A hypoxic microfluidic organoid-on-a-chip system for studying the efficacy of metronidazole-modified nanomaterials against cholangiocarcinoma established within the chip

Abstract

Cholangiocarcinoma (CCA) is a highly aggressive biliary malignancy characterized by a dismal prognosis. Tumor progression relies heavily on the hypoxic tumor microenvironment (TME), a key factor that promotes drug resistance and reduces therapeutic efficacy. A major barrier to clinical translation is that standard in vitro cultures fail to maintain this stable low-oxygen state. Addressing this limitation, we designed a microfluidic platform incorporating patient-derived CCA organoids (CCOs) to act as a high fidelity tumor model. Moreover, we synthesized a hypoxia-activatable nanodrug, BM-MN@PDA (BMMNP).
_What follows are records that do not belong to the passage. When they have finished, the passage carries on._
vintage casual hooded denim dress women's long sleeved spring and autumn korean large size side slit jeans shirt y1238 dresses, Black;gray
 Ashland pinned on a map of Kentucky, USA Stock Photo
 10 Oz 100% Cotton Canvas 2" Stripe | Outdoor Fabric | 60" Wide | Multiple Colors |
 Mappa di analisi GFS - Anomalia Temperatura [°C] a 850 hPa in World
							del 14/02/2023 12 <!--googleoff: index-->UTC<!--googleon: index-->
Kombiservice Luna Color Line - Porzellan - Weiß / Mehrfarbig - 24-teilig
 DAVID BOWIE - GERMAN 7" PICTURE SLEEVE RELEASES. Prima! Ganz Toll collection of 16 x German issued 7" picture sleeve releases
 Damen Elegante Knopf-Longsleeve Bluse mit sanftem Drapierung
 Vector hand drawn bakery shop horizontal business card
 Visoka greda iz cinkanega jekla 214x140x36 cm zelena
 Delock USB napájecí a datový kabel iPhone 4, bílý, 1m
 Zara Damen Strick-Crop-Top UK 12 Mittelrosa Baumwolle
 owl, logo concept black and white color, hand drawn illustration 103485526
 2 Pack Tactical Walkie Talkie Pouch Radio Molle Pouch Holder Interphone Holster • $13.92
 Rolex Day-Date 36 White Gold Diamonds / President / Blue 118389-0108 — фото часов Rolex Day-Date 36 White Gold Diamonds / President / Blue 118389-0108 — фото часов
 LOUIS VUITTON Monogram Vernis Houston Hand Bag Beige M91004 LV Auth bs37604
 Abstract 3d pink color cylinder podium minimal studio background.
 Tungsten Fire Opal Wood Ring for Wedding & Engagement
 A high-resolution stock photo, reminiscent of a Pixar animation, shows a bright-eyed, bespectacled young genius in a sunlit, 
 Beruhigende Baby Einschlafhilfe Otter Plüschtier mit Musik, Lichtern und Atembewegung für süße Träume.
This agent consists of a Metronidazole (MN)-loaded Bismuth-TCPP framework shielded by a biocompatible polydopamine (PDA) coating. In hypoxic environment, the drug generates cytotoxic radicals. Validation studies confirmed that our microfluidic platform successfully established a highly biomimetic hypoxic TME (O2 < 2.5%), evidenced by the robust upregulation of HIF-1α and HIF-2α. Furthermore, BMMNP NPs demonstrated superior cellular uptake and potent cytotoxicity within the hypoxic CCOs. Notably, these nanoparticles effectively reversed hypoxia-induced resistance to gemcitabine, acting as a powerful chemo-sensitizer. Collectively, this platform not only establishes a physiologically relevant "hypoxia-on-a-chip" model for preclinical drug evaluation but also accelerates the optimization of nanoparticle-based strategies for hypoxia-targeted therapy.